WASHINGTON – A proposed $10 million loan to the Greater Cumberland Regional Airport took a backseat to the Clinton scandal on Capitol Hill Thursday.
A House Judiciary subcommittee canceled its hearing on the airport because it was tied up all day debating whether to release President Clinton’s deposition tapes.
“This is just an example of how destructive it [the Clinton scandal] is,” said Rep. Roscoe Bartlett, R-Frederick. “We can’t get the loan until this hearing takes place.”
The Greater Cumberland Regional Airport is losing about $350,000 a year and needs the federal loan for an expansion that airport officials hope will help them become self-sufficient.
But the Department of Agriculture has refused to approve the loan because the airport, which is owned by Maryland, is located in West Virginia. The Constitution demands that Congress ratifies a bi-state compact to govern the airport before it can get federal funding, the department said.
The airport has been governed since 1976 by the Potomac Highlands Airport Authority, a bi-state agency, but that compact has not been approved by Congress.
That was not a problem until the airport authority attempted to fund a 20-year, $10 million airport expansion program.
“We need the money to build 20 hangars because we have a waiting list for two dozen aircraft,” for the airport, said James G. Stahl, chairman of the airport authority.
The airport, built in 1944, was located three miles south of Cumberland in West Virginia because the “flattest area around Cumberland happened to be in West Virginia,” said Stahl.
He said the airport is now losing $350,000 annually, but the loan could help it out of its financial troubles.
“The idea is to get the airport to be self-sufficient,” he said.
Bartlett said the resolution does not face any opposition and it should pass easily, if and when the Judiciary Committee finds the time to hear it.

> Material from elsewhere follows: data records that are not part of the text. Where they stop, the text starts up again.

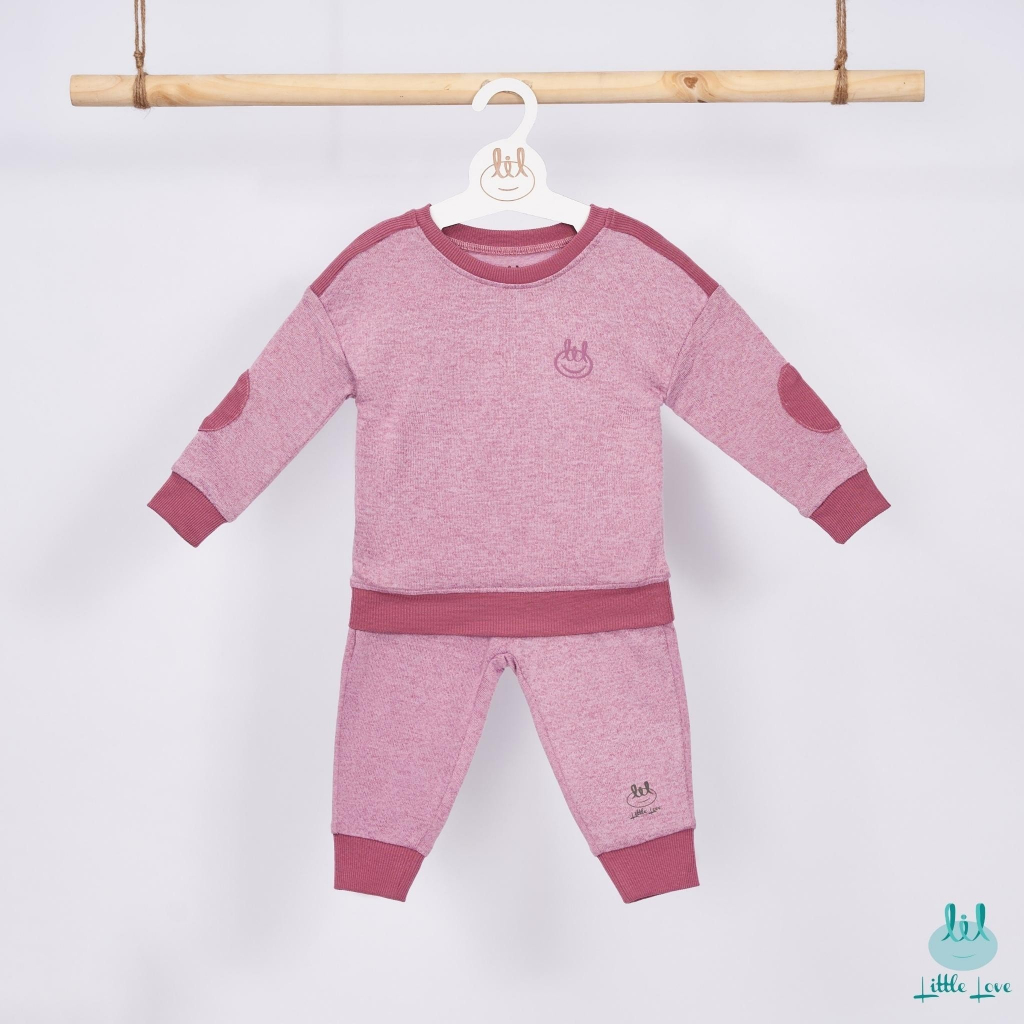 Bộ quần áo len dài tay bé trai và gái, có đáp đệm khuỷu tay LiL Little Love - LDT129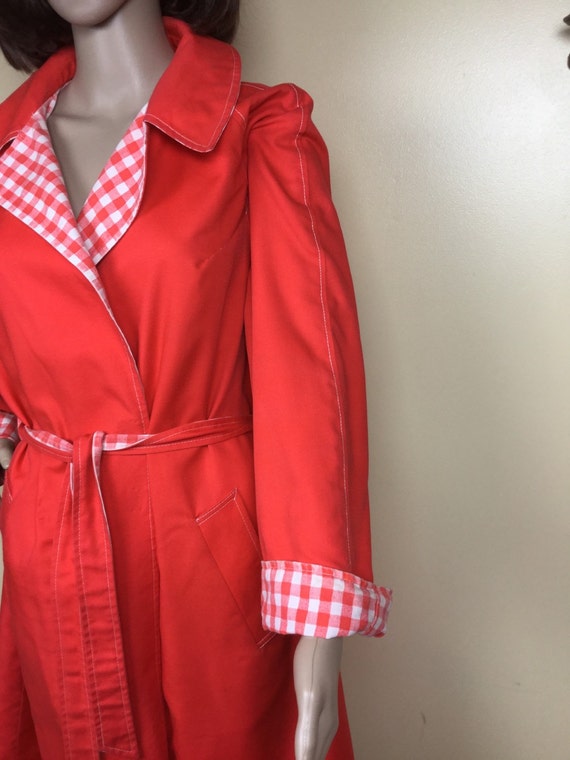 Red Gingham Coat, Wrap Reversible Spring Coat, MI… - image 3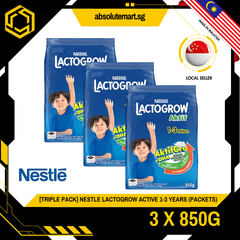[TRIPLE PACK] NESTLE Lactogrow Active 1 - 3 Years 850G X 3 (PACKETS) - ABSOLUTE MART[TRIPLE PACK] NESTLE Lactogrow Active 1 - 3 Years 850G X 3 (PACKETS)
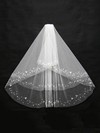 Two-tier White/Ivory Elbow Bridal Veils with Beading #LDB03010137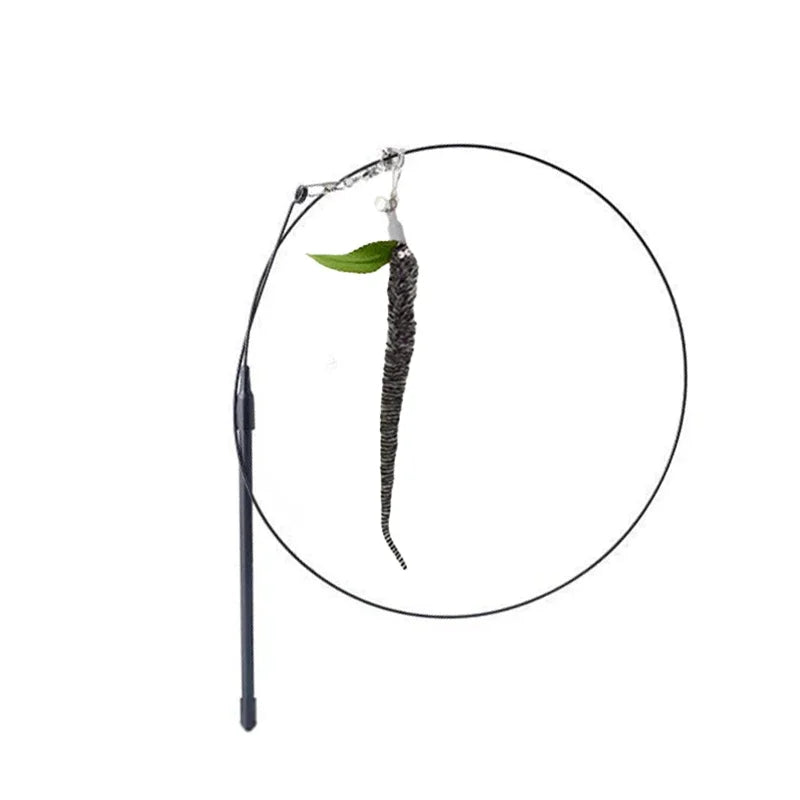 Caterpillar Cat Toy Set, Cat Feather Teaser Wand Toy for Kitten, Cat Dog Plush Worms Interactive Training Playing Stick Pet Toy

“It is difficult for us to legislate because attention focused on this [Clinton] issue gets in the way of other legislation,” said Bartlett. “We can’t get the loan until this hearing takes place.”
Thursday’s planned hearing before the House Judiciary Subcommittee on Commercial and Administrative Law has not been rescheduled but Bartlett said he expects it to take place in the next couple of weeks.